The price of gold snapped a five-day losing streak on Wednesday as bargain hunters re-entered the market.
On the Comex division of the New York Mercantile Exchange, gold futures for June delivery settled at $1,290.80 an ounce, up $10.80 or 0.8% from Tuesday’s close at a 7-week low.
While gold is off more than $90 an ounce from its 2014 high struck in mid-March, Asian buyers appear to have returned to the market.
Chinese bullion buyers, who overtook India for the first time as top global consumers of the metal, are nothing if not price sensitive.
From premiums that topped out at $37 when gold was trading around $1,200 last year, traders on the Shanghai Gold Exchange are now offering gold at a discount to the quoted London spot price.

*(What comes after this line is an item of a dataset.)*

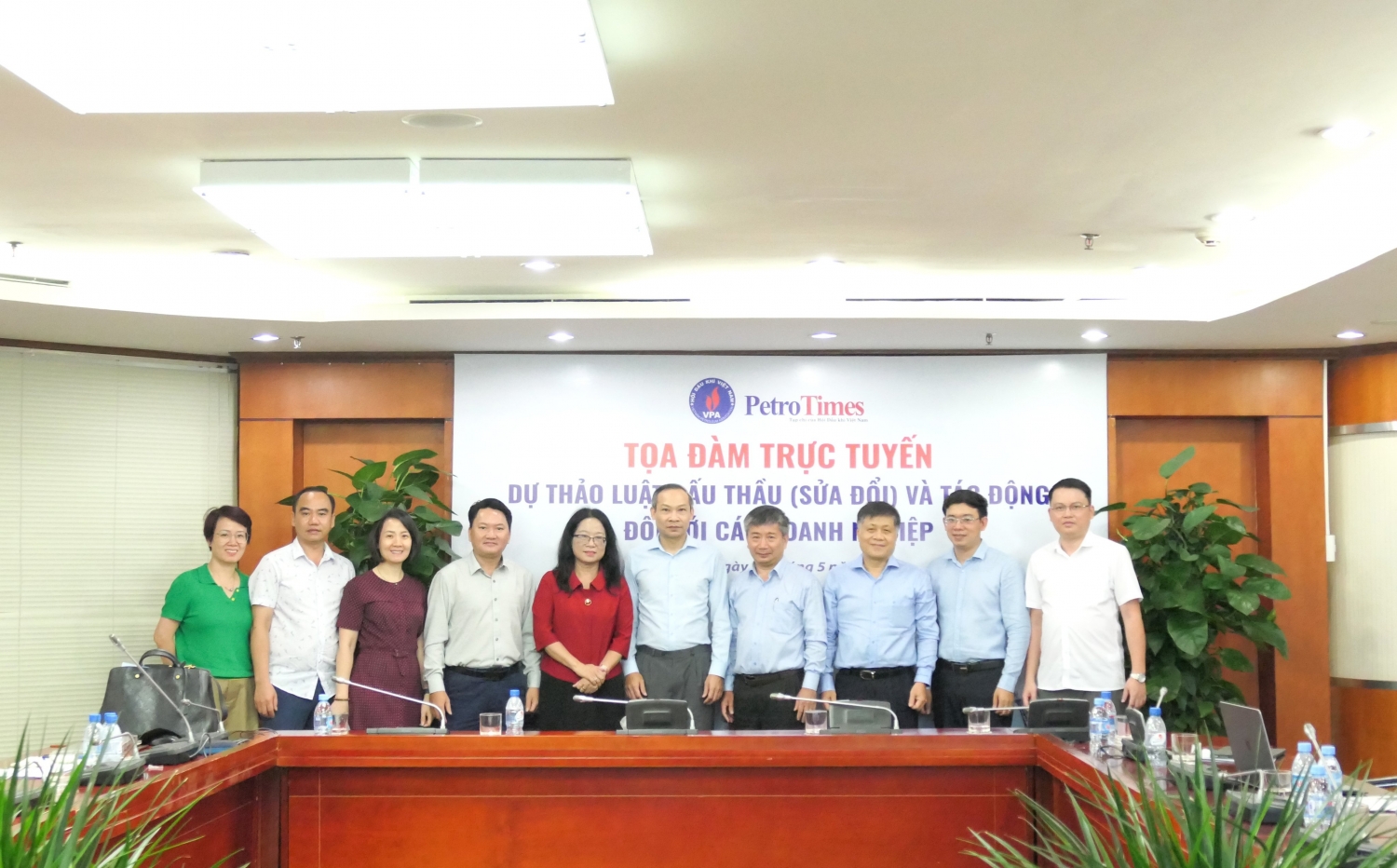 (LIVE) Tọa đàm "Dự thảo Luật Đấu thầu (sửa đổi) và tác động đối với các doanh nghiệp"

Driven in part by a weakening renminbi discounts on gold in China widened to as much as $9 an ounce below when the price were headed towards $1,400 in March.
That gap has now shrunk to $2–$3 an ounce as the lower gold prices drives fresh demand and could strengthen further if the yuan begins to appreciate again as expected.
Australia’s ANZ Research reports its barometer of China’s physical demand has increased sharply towards the end of March and the only reason for the discount is the weak yuan:
“A return to the CNY’s appreciation trend would be a crucial factor in improving the price differential. On current gold prices, had USD/CNY continued to trade at 6.05 (it’s level before the spike to the 6.20 area), the Shanghai premium would calculate to +USD32.0/oz.”
Not everyone sees physical demand from Asia returning in a big way.
Bullion Vault quotes Deutsche Bank’s commodities team as saying physical “tightness” in the market is receding with Shanghai premiums staying low and gold offered forward rates – the interest offered by bullion banks to gold borrowers – turning positive:
“We view it as only a matter of time before gold re-tests the [US Dollar] lows hit in December last year,” says Deutsche, a market-maker for wholesale gold and silver in London.